Contoh kegagalan deklarasi HAM dewasa ini adalah pecahnya perang antara Ukraina dan Rusia yang baru-baru ini menggemparkan dunia. Banyaknya kecaman atas agresi militer yang dilakukan Rusia terhadap Ukraina tidak menyurutkan niat Putin mengakhiri perang, paling tidak dalam beberapa bulan terakhir.

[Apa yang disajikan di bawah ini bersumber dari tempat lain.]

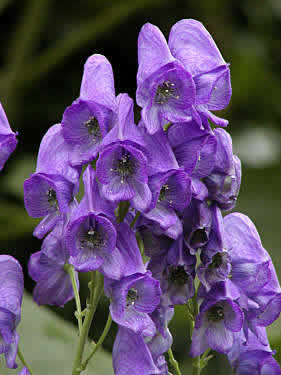     - ( Aconitum )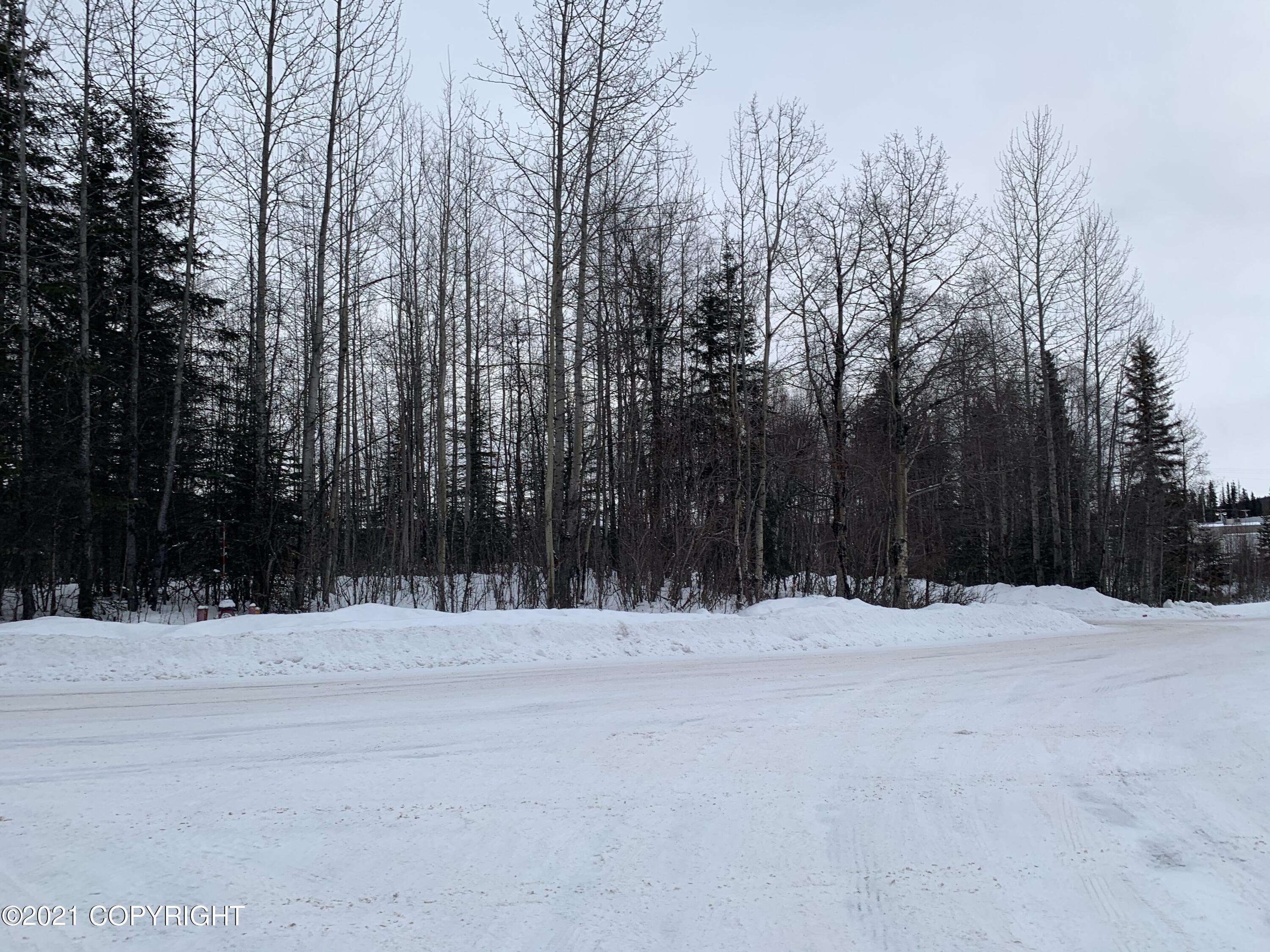 Soldotna, AK 99669,120 S Soldotna Avenue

Kalkulasi politik yang terlalu mementingkan kedaulatan nasional telah membuat ratusan bahkan ribuan warga sipil berkorban nyawa. Sementara kejahatan perang adalah salah satu pelanggaran berat HAM. Contoh lain adalah kejahatann genosida yang harus dialami oleh etnis Rohingya oleh junta militer yang memimpin Myanmar.
Hal ini membuktikan bahwa universalitas HAM tidak sepenuhnya diadopsi oleh seluruh negara. Jalan kekerasan masih dipilih oleh sebagian otoritas pada sebuah negara untuk menciptakan kedamaian negatif di dalam negaranya sendiri.
Meskipun di kawasan regional Asia Tenggara terdapat organisasi supranasional ASEAN, nyatanya lembaga ini tidak mampu menciptakan perdamaian kawasan ketika harus berbenturan dengan kepentingan nasional dan kedaulatan negara.
Bahkan kejahatan genosida etnis Rohingya yang telah memakan ratusan bahkan ribuan nyawa tidak dapat disentuh karena lembaga ini menganut prinsip non intervensi terhadap kepentingan nasional negara anggotanya.
Hal ini bertentangan dengan prinsip deklarasi Wina yakni saling bergantung (interdependent) dan saling terkait (interrelated). Maka dewasa kini perjuangan menegakkan HAM dalam skala internasional yang melibatkan komitmen negara dan kepentingan nasional masih sulit untuk direalisasikan.
Deklarasi HAM perlu ditinjau ulang agar bisa memberikan daya paksa terhadap negara yang melanggarnya. Misalnya dalam kasus perang Rusia-Ukraina, sejauh ini sanksi ekonomi dapat sedikit memberikan tekanan terhadap Putin dan pemerintahannya.
Meskipun pada akhirnya NATO dan Uni Eropa tidak memberikan bantuan militer secara spesifik, namun sanksi ekonomi dapat menjadi salah satu cara untuk menekan Rusia. Pemberian sanksi ekonomi dapat dimasukkan dalam perundingan HAM agar dapat memberikan instruksi yang jelas demi memperkuat saya paksa HAM.